#### Required work
Any picture must be dropped, but each line of the data should be duplicated exactly.

#### Supplied material
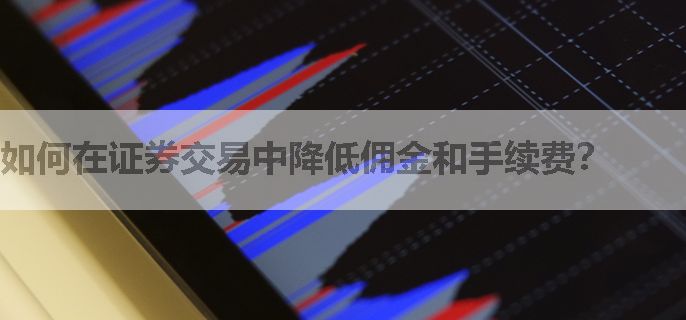 如何在证券交易中降低佣金和手续费？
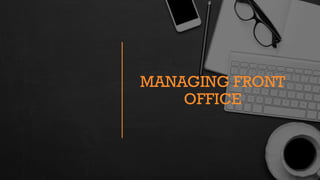 MANAGING FRONT
OFFICE
 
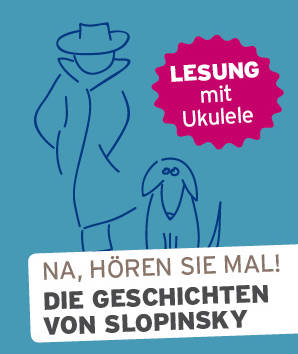 Lesung: Die Geschichten von Slopinsky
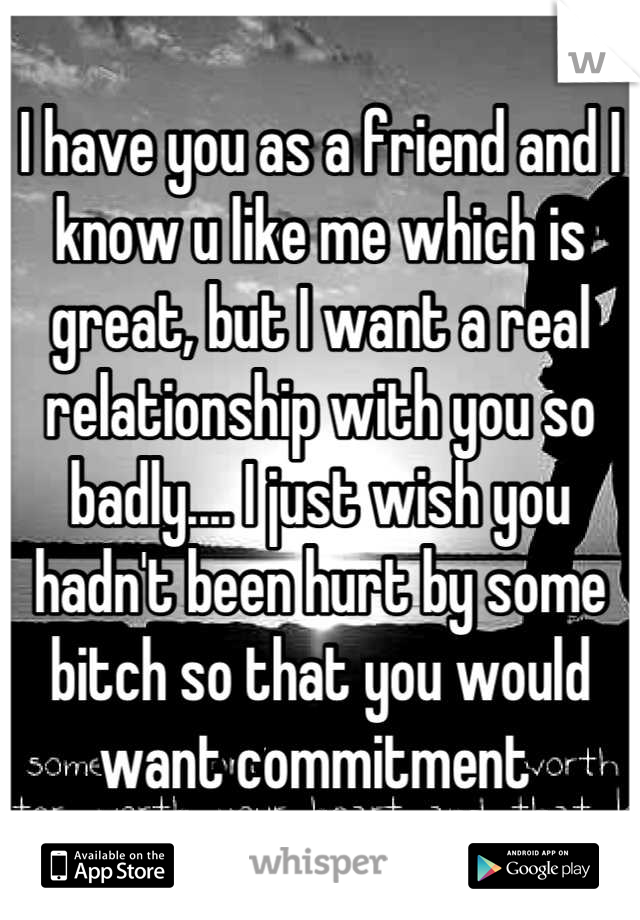I have you as a friend and I know u like me which is great, but I want a real relationship with you so badly.... I just wish you hadn't been hurt by some bitch so that you would want commitment 
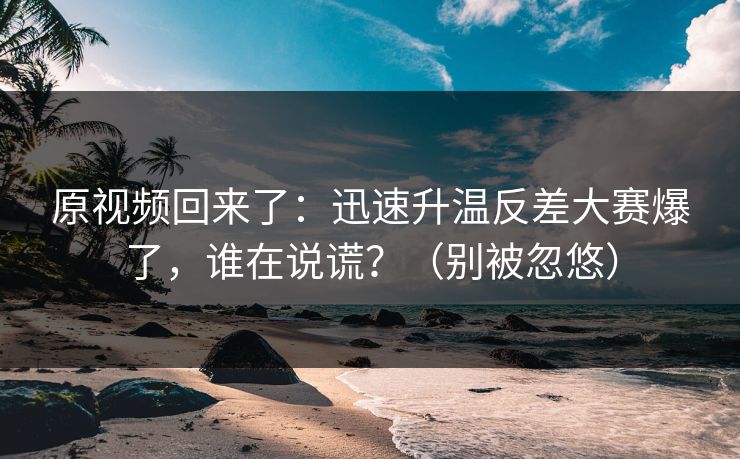 原视频回来了：迅速升温反差大赛爆了，谁在说谎？（别被忽悠）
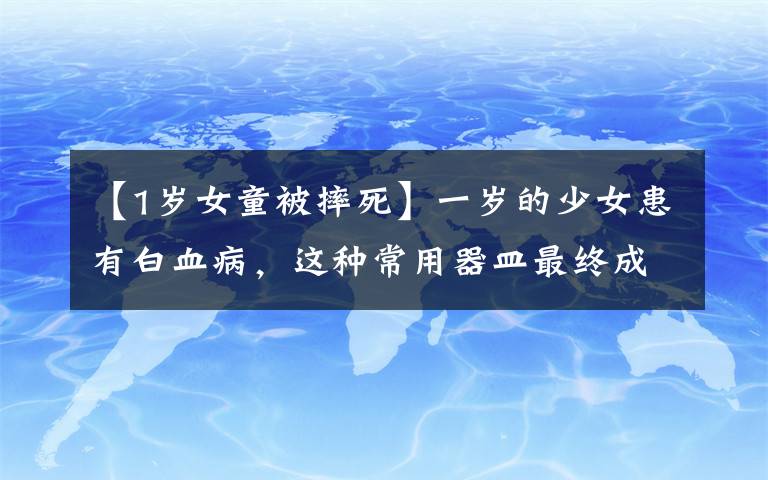 【1歲女童被摔死】一歲的少女患有白血病，這種常用器皿最終成為“奪命器皿”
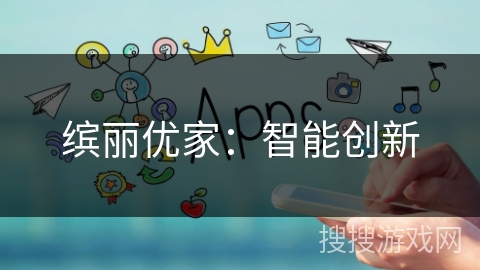 缤丽优家：智能创新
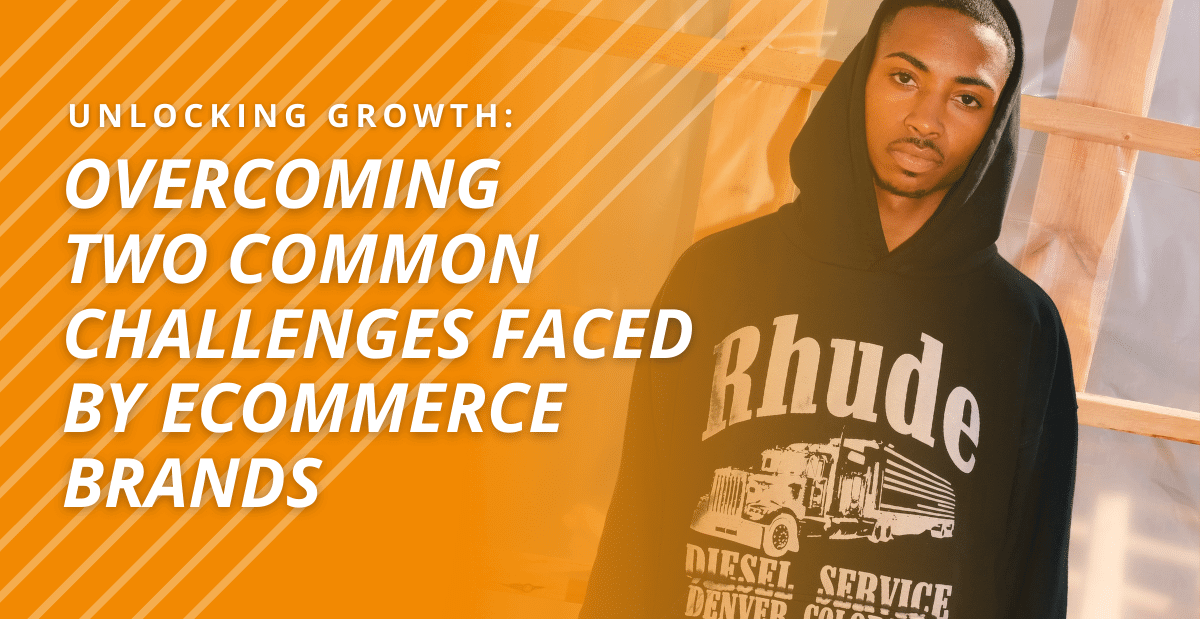 Unlocking Growth: Overcoming Two Common Challenges Faced by Ecommerce Brands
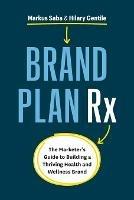 Brand Plan Rx: The Marketer's Guide to Building a Thriving Health and Wellness Brand - Markus Saba,Hilary Gentile - cover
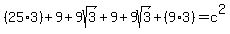 %2825%2A3%29%2B9%2B9sqrt%283%29%2B9%2B9sqrt%283%29%2B%289%2A3%29=c%5E2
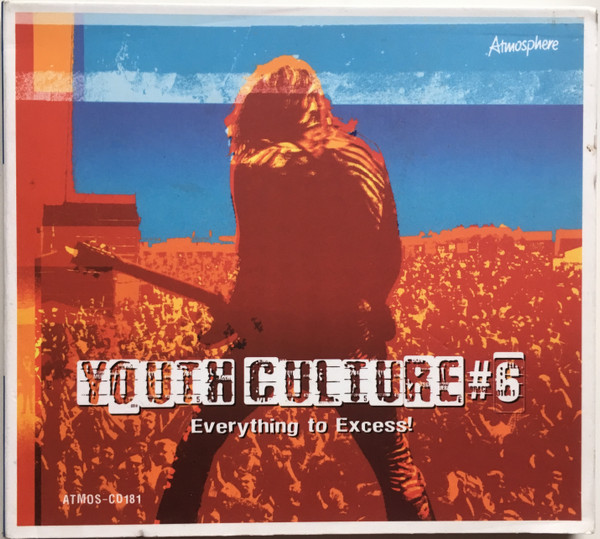 Youth Culture #6 (Everything To Excess!)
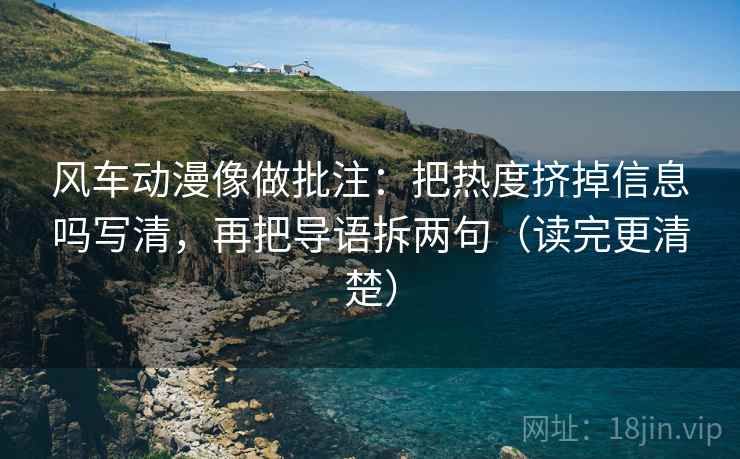 风车动漫像做批注:把热度挤掉信息吗写清,再把导语拆两句(读完更清楚) 风车动漫像做批注:把热度挤掉信息吗写清,再把导语拆两句(读完更清楚)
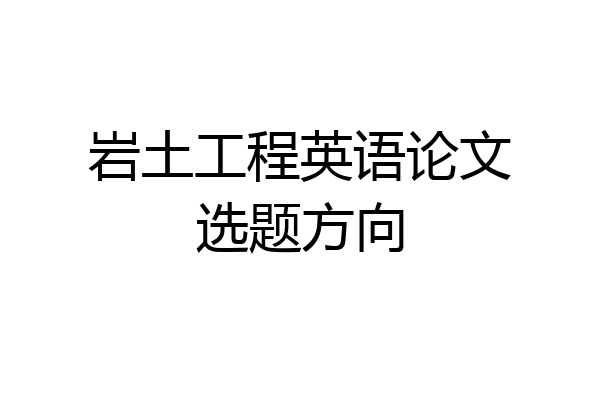 岩土工程英语论文选题方向
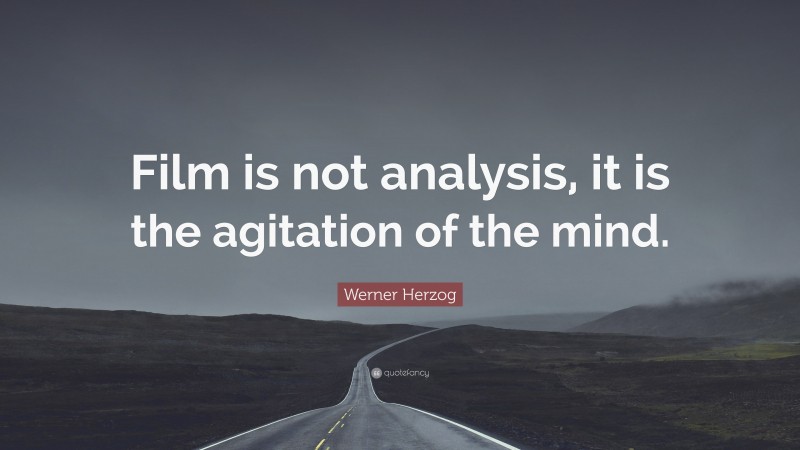 Werner Herzog Quote: “Film is not analysis, it is the agitation of the mind.”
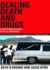 Dealing Death and Drugs: the Big Business of Dope in the U.S. and Mexico (Cinco Puntos Checkpoint Series)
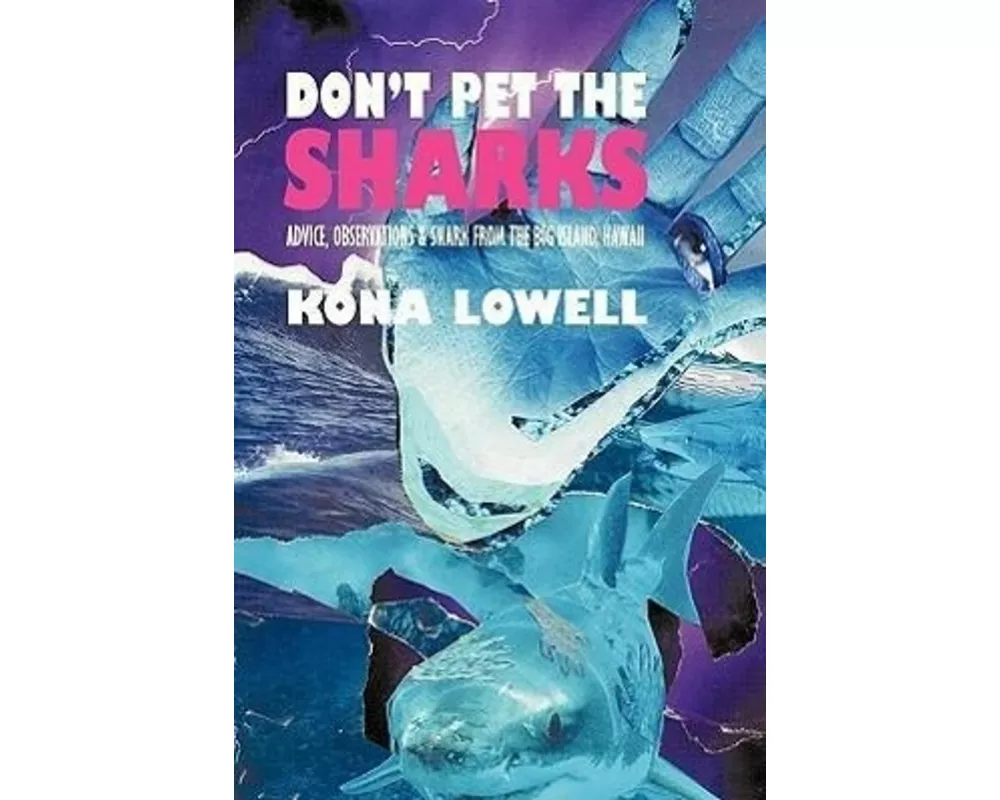 Don't Pet the Sharks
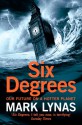 Six Degrees: Our Future on a Hotter Planet - Mark Lynas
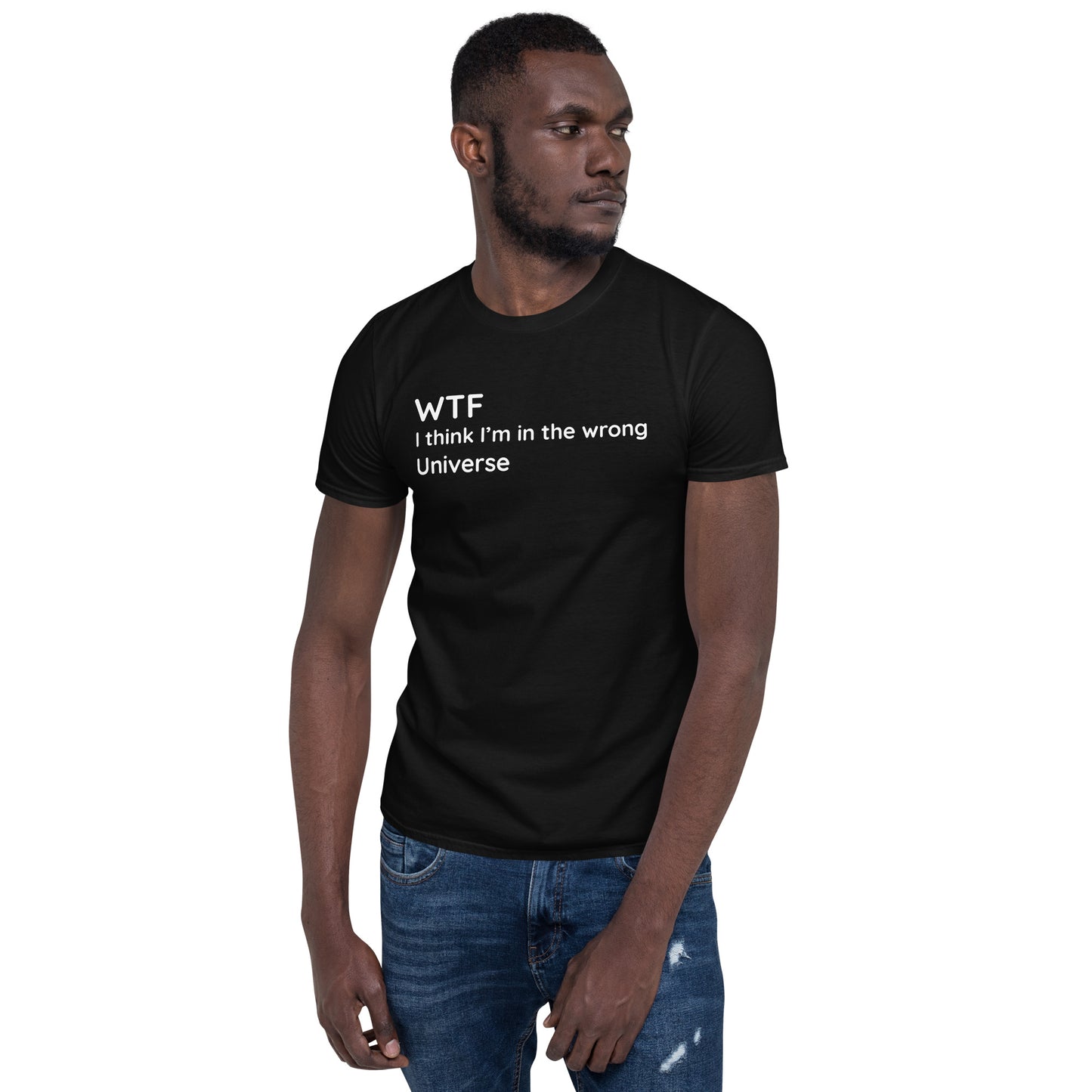 Wrong Universe - White Text - Mens T-Shirt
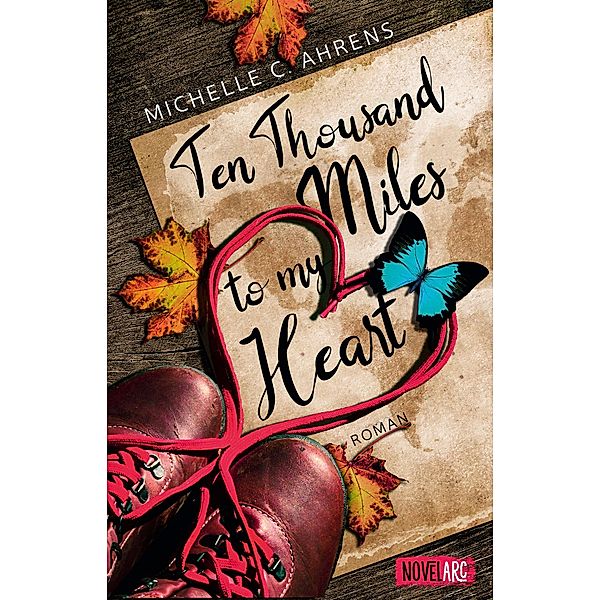 Ten Thousand Miles to My Heart, Michelle C. Ahrens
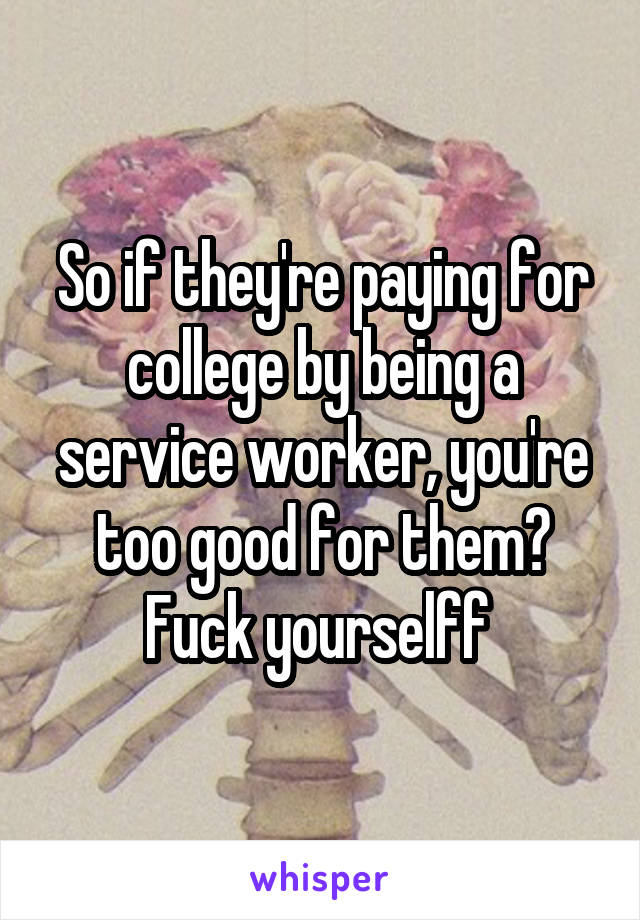 So if they're paying for college by being a service worker, you're too good for them? Fuck yourselff 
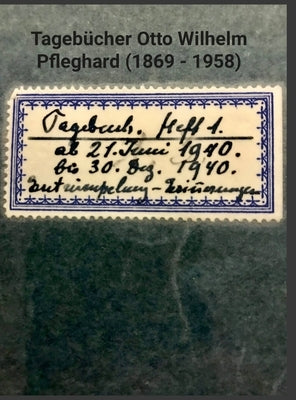 Otto Wilhelm Pfleghard (1869 - 1958): Tagebücher eines bedeutenden Architekten by Feurer, Erwin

#### Output of the exercise
 如何在证券交易中降低佣金和手续费？
 MANAGING FRONT
OFFICE
 
 Lesung: Die Geschichten von Slopinsky
I have you as a friend and I know u like me which is great, but I want a real relationship with you so badly.... I just wish you hadn't been hurt by some bitch so that you would want commitment 
 原视频回来了：迅速升温反差大赛爆了，谁在说谎？（别被忽悠）
 【1歲女童被摔死】一歲的少女患有白血病，這種常用器皿最終成為“奪命器皿”
 缤丽优家：智能创新
 Unlocking Growth: Overcoming Two Common Challenges Faced by Ecommerce Brands
 Brand Plan Rx: The Marketer's Guide to Building a Thriving Health and Wellness Brand - Markus Saba,Hilary Gentile - cover
 %2825%2A3%29%2B9%2B9sqrt%283%29%2B9%2B9sqrt%283%29%2B%289%2A3%29=c%5E2
 Youth Culture #6 (Everything To Excess!)
 风车动漫像做批注:把热度挤掉信息吗写清,再把导语拆两句(读完更清楚) 风车动漫像做批注:把热度挤掉信息吗写清,再把导语拆两句(读完更清楚)
 岩土工程英语论文选题方向
 Werner Herzog Quote: “Film is not analysis, it is the agitation of the mind.”
 Dealing Death and Drugs: the Big Business of Dope in the U.S. and Mexico (Cinco Puntos Checkpoint Series)
 Don't Pet the Sharks
 Six Degrees: Our Future on a Hotter Planet - Mark Lynas
 Wrong Universe - White Text - Mens T-Shirt
 Ten Thousand Miles to My Heart, Michelle C. Ahrens
 So if they're paying for college by being a service worker, you're too good for them? Fuck yourselff 
 Otto Wilhelm Pfleghard (1869 - 1958): Tagebücher eines bedeutenden Architekten by Feurer, Erwin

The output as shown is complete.